» Data segment
>>>>

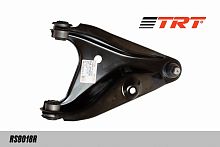 Рычаг передний TRT Renault Logan, Largus правый в сборе (после 2013г) RS9018R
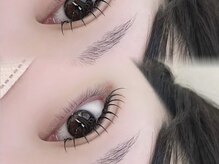 ラテバイナビ(Latte by Nabi)/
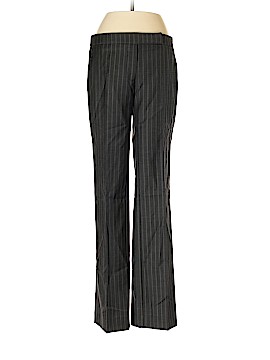 Kate Moss for Topshop Size 6
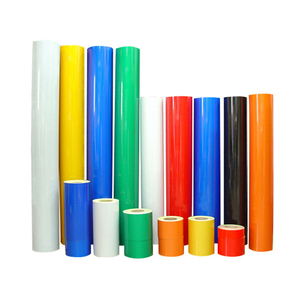 Khả năng <span class=keywords><strong>hi</strong></span>ển thị cao 10 năm có thể in kim cương lớp lăng trụ phản chiếu tấm phim đường cao tốc Giao Thông Đường Bộ dấu <span class=keywords><strong>hi</strong></span>ệu - Product Image 3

<<<<

» Exercise requirements
Every line from the one with "Kate Moss for Topshop Size 6" through the last line of the material gets printed exactly, and nothing more. Omit the pictures.

» Task response
 Kate Moss for Topshop Size 6
 Khả năng <span class=keywords><strong>hi</strong></span>ển thị cao 10 năm có thể in kim cương lớp lăng trụ phản chiếu tấm phim đường cao tốc Giao Thông Đường Bộ dấu <span class=keywords><strong>hi</strong></span>ệu - Product Image 3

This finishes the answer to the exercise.